South Korea’s total coal imports for 10 months of 2025 fell to 91.4 mio t (–4.7 mio t or -4.9% y-o-y).

South Korean coal imports (Jan-Oct 2025):

  • Australia: 28.4 mio t (+0.5 mio t or +1.8%);
  • Indonesia: 24.2 mio t (+1.3 mio t or +5.7%);
  • Russia: 18.4 mio t (+2.6 mio t or +16.5%);
  • Canada: 6.8 mio t (-1.9 mio t or -21.8%);
  • Colombia: 5.1 mio t (-3.1 mio t or -37.8%);
  • USA: 3.4 mio t (-0.5 mio t or -12.8%);
  • South Africa: 2.3 mio t (-2.2 mio t or -48.9%).

Given the crisis in the Russian coal industry, South Korea remains strategically important due to comparatively higher prices than other key markets like China and India. Russian exporters are faced with the need to balance, maintaining supply volumes with growing pressure on the sales margins in the South Korean market.

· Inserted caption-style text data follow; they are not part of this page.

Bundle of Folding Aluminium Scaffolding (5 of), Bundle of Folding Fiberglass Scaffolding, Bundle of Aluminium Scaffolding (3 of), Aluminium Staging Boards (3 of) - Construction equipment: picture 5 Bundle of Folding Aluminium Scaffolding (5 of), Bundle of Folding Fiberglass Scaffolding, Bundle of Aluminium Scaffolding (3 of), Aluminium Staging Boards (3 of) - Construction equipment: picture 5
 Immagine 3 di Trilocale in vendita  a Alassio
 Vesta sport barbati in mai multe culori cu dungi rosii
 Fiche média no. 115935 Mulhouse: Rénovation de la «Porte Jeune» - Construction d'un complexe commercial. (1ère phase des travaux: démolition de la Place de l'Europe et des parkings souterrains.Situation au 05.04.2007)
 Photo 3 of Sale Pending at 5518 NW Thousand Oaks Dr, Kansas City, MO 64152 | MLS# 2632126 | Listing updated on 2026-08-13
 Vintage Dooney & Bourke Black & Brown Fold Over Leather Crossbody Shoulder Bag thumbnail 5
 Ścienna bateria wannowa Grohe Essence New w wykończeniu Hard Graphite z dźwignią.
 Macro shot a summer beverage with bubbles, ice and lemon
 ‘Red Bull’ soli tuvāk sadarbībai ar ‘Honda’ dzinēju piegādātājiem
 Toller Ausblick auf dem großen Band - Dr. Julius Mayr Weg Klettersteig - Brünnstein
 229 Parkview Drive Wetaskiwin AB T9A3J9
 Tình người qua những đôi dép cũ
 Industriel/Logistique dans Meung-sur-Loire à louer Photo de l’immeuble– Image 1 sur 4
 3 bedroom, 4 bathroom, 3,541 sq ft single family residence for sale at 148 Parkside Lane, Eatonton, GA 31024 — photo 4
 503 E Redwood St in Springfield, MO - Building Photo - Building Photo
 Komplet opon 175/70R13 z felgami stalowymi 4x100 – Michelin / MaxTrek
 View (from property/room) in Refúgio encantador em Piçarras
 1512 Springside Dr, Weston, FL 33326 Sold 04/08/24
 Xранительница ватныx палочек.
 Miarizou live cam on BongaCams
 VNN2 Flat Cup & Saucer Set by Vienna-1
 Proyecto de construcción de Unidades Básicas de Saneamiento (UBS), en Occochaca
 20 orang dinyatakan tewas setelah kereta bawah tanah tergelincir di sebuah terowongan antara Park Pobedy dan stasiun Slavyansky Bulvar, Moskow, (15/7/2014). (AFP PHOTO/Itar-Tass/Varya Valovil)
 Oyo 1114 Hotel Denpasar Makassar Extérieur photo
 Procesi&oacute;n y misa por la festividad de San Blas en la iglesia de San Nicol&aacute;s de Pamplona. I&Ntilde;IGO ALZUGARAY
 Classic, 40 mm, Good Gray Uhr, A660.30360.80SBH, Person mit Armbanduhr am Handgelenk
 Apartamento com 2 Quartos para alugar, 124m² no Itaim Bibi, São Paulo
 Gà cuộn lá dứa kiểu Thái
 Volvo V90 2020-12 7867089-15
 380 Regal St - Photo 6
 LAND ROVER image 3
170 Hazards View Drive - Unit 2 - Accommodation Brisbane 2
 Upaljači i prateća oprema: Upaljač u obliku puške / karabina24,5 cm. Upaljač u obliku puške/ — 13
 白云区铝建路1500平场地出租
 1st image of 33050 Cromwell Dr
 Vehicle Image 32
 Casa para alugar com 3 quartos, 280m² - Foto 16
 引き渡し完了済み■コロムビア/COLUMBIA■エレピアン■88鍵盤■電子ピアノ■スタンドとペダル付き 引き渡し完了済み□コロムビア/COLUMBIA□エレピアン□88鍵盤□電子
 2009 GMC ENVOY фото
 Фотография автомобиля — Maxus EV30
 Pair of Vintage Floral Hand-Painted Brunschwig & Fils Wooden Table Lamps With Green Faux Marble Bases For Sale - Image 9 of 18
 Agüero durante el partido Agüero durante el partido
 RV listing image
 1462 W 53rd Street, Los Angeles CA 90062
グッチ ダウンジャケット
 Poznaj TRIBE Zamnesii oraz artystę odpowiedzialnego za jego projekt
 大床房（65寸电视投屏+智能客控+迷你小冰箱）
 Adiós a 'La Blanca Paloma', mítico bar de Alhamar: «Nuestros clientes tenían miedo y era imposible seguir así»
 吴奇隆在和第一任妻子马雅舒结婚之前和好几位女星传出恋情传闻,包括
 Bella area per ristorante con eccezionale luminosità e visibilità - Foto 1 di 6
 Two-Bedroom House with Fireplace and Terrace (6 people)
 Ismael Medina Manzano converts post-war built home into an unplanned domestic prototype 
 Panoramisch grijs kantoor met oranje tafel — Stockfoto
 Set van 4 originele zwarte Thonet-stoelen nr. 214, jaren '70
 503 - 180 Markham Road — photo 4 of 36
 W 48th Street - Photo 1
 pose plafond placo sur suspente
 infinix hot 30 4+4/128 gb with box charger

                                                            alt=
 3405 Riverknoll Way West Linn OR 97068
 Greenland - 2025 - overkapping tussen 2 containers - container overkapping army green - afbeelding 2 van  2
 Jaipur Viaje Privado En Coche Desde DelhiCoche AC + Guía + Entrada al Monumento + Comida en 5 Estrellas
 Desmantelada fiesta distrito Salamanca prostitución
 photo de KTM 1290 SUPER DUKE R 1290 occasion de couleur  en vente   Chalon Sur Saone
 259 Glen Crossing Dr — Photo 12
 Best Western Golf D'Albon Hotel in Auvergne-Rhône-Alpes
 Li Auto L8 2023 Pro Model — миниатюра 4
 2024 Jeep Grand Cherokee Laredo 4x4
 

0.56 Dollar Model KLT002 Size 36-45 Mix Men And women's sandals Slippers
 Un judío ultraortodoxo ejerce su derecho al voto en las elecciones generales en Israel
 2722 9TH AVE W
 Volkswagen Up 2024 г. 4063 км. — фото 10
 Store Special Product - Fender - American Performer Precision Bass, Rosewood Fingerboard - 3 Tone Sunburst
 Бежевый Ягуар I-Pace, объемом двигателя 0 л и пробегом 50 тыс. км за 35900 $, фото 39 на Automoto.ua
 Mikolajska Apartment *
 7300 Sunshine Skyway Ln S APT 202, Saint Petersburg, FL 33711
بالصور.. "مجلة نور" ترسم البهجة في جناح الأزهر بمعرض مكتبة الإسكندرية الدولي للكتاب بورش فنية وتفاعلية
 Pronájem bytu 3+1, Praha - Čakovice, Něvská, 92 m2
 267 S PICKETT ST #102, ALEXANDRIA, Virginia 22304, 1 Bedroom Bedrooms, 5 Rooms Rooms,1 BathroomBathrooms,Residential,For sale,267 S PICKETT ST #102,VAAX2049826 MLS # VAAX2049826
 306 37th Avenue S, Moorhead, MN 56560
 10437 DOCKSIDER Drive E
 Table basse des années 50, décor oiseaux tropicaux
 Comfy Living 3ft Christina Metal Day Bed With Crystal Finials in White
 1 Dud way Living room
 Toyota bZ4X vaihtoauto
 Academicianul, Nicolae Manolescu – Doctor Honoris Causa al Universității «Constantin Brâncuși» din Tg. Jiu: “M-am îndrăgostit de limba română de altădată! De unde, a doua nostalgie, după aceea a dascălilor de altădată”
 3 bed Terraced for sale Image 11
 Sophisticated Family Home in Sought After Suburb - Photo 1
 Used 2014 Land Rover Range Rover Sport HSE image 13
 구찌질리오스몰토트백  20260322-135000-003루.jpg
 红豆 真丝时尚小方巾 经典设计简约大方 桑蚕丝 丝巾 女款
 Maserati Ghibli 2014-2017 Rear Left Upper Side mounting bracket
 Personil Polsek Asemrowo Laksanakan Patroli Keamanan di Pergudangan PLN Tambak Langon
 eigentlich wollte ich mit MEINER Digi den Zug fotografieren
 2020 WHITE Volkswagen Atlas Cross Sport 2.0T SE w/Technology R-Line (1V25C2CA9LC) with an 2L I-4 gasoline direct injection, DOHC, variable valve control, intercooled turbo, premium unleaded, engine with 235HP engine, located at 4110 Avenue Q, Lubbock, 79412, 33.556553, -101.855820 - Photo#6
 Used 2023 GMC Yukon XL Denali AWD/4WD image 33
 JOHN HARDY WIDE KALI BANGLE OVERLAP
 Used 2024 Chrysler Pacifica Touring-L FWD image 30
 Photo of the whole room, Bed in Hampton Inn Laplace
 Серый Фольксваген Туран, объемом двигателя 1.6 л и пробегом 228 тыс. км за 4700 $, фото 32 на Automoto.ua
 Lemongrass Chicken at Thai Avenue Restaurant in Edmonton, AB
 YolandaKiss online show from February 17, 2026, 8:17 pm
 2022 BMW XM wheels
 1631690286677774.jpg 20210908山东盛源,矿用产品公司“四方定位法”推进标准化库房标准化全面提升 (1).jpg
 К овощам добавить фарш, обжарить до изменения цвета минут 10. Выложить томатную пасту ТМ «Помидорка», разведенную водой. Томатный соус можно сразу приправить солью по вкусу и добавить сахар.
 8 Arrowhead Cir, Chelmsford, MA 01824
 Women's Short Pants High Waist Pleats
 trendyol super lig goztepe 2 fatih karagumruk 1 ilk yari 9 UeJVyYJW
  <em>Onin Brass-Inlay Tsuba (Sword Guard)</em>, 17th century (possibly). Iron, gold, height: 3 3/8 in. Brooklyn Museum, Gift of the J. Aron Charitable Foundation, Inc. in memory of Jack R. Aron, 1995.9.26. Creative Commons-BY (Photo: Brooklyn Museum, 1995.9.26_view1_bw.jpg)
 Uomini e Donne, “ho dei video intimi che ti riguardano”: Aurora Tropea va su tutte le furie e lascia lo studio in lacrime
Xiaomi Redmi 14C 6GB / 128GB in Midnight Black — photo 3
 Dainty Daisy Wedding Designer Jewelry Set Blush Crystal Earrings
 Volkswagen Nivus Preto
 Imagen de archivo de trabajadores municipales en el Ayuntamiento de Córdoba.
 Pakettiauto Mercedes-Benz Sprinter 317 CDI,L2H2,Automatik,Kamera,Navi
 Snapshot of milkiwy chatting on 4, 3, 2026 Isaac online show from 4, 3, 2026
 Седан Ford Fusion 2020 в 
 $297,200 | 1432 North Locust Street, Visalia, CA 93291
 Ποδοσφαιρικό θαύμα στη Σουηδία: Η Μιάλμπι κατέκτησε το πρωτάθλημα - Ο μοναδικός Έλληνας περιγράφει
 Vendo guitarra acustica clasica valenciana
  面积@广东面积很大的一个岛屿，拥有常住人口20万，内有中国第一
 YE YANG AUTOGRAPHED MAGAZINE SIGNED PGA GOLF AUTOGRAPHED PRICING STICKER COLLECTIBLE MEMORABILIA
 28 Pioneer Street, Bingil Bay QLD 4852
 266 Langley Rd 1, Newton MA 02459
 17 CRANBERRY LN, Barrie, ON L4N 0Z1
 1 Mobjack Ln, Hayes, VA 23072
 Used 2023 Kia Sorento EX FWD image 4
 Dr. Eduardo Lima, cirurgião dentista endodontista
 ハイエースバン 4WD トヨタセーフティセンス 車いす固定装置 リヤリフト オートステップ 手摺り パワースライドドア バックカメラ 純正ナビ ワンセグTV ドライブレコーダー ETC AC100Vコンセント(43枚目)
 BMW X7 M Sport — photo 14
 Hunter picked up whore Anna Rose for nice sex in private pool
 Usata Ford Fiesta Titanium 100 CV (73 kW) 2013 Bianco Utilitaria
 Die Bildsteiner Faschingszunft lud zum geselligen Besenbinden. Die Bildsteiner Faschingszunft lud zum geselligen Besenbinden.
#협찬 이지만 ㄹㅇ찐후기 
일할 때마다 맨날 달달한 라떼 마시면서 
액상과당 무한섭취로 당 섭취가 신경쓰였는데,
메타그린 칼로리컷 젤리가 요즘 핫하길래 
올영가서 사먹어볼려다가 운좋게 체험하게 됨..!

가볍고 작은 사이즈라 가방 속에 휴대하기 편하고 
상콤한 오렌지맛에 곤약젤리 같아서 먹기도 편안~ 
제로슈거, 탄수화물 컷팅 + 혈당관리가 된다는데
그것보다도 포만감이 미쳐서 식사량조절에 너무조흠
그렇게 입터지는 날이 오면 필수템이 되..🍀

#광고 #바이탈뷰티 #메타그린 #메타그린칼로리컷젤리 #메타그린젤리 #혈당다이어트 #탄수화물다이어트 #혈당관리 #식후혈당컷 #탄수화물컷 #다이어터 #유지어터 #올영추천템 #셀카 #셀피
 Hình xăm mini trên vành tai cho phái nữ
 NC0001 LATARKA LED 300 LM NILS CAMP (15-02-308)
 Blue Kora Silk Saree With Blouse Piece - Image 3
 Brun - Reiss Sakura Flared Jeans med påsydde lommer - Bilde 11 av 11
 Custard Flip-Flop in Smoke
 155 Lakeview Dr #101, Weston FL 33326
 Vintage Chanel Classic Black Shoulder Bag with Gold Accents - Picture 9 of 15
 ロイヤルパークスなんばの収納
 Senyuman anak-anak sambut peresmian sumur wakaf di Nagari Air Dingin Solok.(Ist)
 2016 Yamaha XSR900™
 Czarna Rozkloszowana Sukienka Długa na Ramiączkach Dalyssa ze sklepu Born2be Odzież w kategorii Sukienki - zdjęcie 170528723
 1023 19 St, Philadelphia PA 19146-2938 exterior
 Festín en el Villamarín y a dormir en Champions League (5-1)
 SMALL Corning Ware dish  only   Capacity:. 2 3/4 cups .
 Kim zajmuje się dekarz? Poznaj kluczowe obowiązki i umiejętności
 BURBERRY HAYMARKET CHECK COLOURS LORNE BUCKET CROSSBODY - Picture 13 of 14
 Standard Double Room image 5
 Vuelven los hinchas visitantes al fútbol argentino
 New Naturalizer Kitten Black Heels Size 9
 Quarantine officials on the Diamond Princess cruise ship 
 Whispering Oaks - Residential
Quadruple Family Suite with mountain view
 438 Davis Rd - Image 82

The unprofitability of Russian coal exports keeps growing because of expensive logistics and the strong rouble. Still, producers are trying to keep their market share, owing to the quality of their material and expectations of better conditions in the medium term, including stabilization of world prices after they hit rock bottom, as well as the forecasted correction of the rouble exchange rate.